**What the task asks:** Among the entries below, only the lines from the one with "Okay, so now" through the one with "Hi, this is" are wanted, reproduced exactly. Pictures are not wanted.

----- Data extract

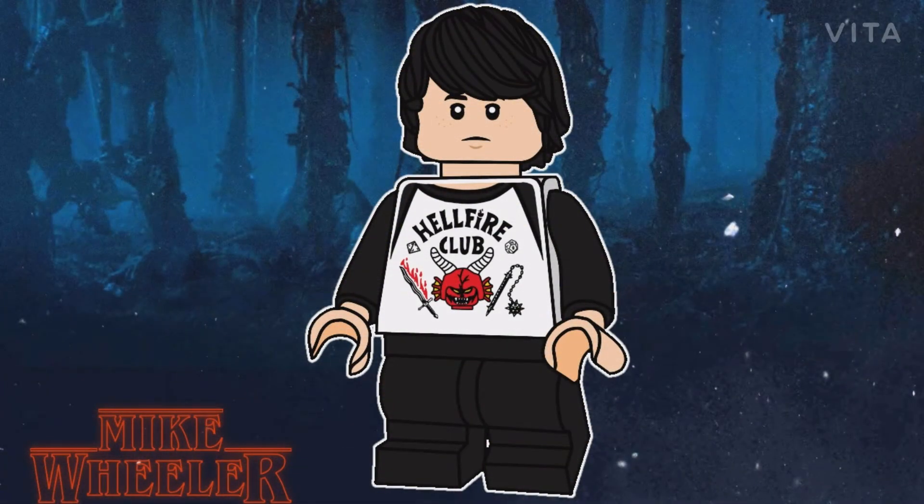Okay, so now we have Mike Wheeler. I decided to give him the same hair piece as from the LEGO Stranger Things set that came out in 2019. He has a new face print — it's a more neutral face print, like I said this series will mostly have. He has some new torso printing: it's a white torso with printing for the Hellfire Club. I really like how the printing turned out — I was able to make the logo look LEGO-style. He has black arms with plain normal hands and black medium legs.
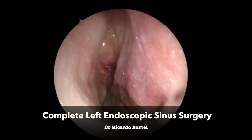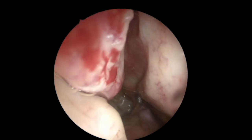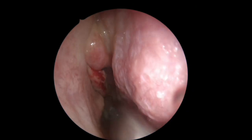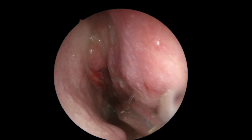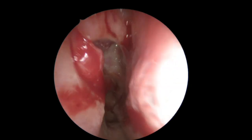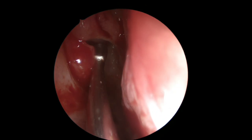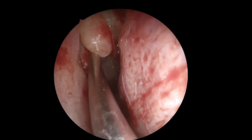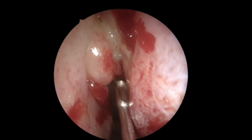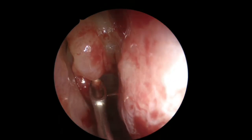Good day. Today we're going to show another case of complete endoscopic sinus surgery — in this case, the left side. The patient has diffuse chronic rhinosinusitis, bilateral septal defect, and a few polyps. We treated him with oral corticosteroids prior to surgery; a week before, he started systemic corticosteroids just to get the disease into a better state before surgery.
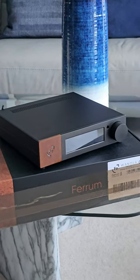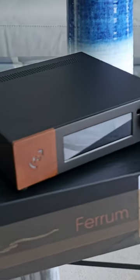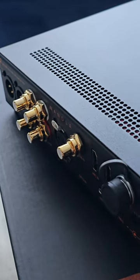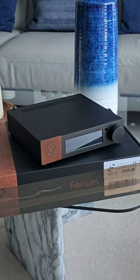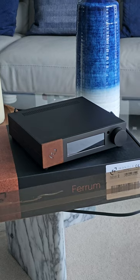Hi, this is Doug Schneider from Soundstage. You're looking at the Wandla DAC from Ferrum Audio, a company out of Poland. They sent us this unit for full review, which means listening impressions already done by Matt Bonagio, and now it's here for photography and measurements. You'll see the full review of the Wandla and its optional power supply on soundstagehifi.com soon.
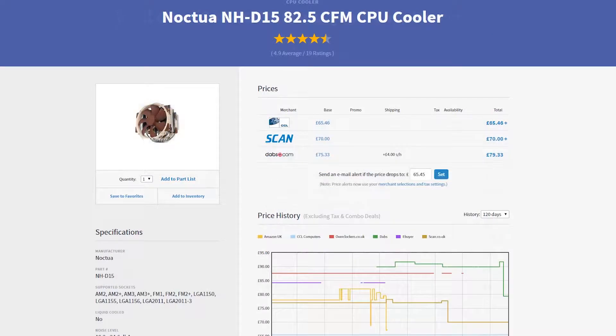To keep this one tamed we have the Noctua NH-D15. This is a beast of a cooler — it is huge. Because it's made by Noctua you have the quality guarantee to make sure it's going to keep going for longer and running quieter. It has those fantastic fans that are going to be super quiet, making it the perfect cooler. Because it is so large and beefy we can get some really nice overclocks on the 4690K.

----------
----- Data extract

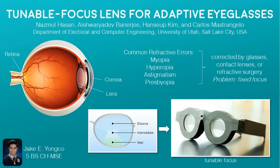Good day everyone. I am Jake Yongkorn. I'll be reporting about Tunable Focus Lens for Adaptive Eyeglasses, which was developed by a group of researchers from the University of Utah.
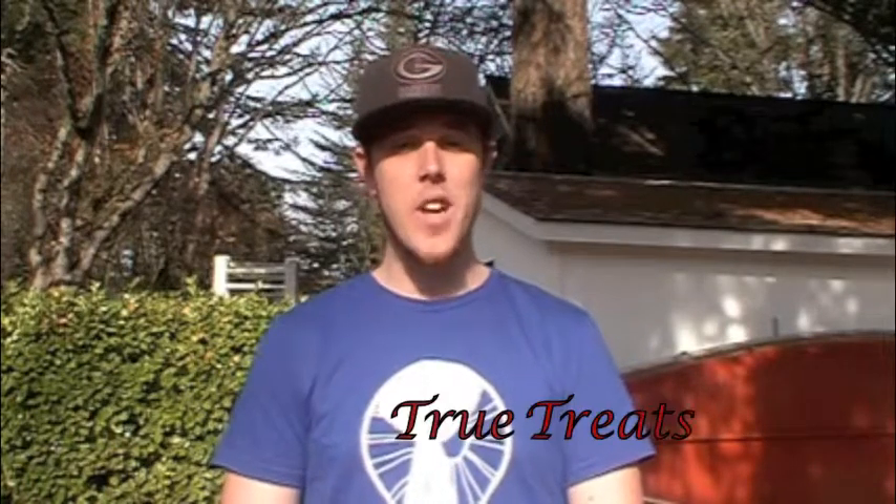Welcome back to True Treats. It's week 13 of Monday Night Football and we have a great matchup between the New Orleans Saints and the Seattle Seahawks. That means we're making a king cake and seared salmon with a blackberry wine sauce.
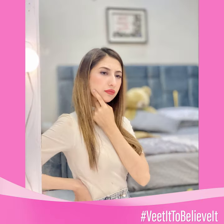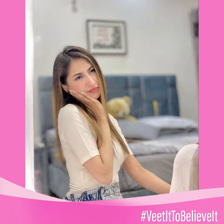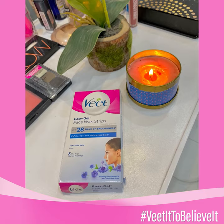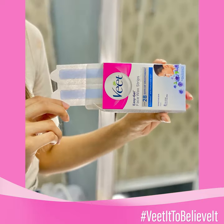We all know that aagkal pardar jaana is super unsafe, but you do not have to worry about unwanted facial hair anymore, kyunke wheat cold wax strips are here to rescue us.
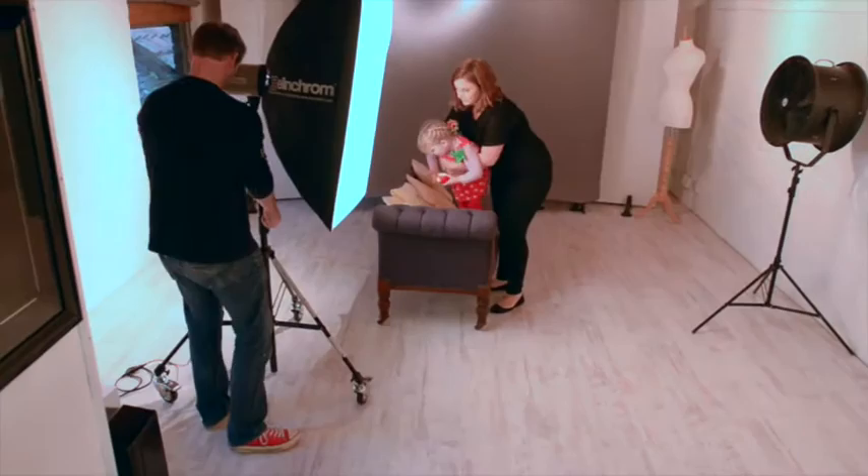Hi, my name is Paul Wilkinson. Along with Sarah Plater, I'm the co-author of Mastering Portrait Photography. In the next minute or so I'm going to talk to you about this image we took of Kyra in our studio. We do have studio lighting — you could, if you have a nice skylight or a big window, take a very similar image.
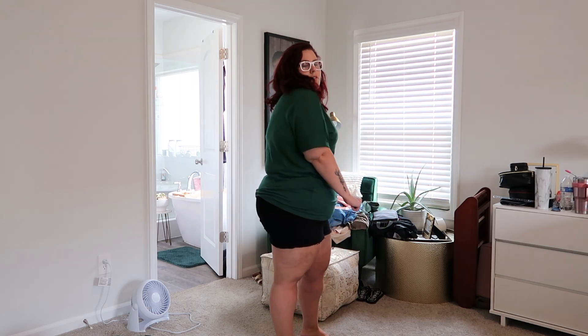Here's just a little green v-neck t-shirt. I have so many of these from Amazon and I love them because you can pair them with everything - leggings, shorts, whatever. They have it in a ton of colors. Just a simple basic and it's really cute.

----------
----- Data extract

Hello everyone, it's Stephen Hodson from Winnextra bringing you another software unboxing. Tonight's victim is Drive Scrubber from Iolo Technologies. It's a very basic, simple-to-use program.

----------

**Completed exercise:**
Okay, so now we have Mike Wheeler. I decided to give him the same hair piece as from the LEGO Stranger Things set that came out in 2019. He has a new face print — it's a more neutral face print, like I said this series will mostly have. He has some new torso printing: it's a white torso with printing for the Hellfire Club. I really like how the printing turned out — I was able to make the logo look LEGO-style. He has black arms with plain normal hands and black medium legs.
Good day. Today we're going to show another case of complete endoscopic sinus surgery — in this case, the left side. The patient has diffuse chronic rhinosinusitis, bilateral septal defect, and a few polyps. We treated him with oral corticosteroids prior to surgery; a week before, he started systemic corticosteroids just to get the disease into a better state before surgery.
Hi, this is Doug Schneider from Soundstage. You're looking at the Wandla DAC from Ferrum Audio, a company out of Poland. They sent us this unit for full review, which means listening impressions already done by Matt Bonagio, and now it's here for photography and measurements. You'll see the full review of the Wandla and its optional power supply on soundstagehifi.com soon.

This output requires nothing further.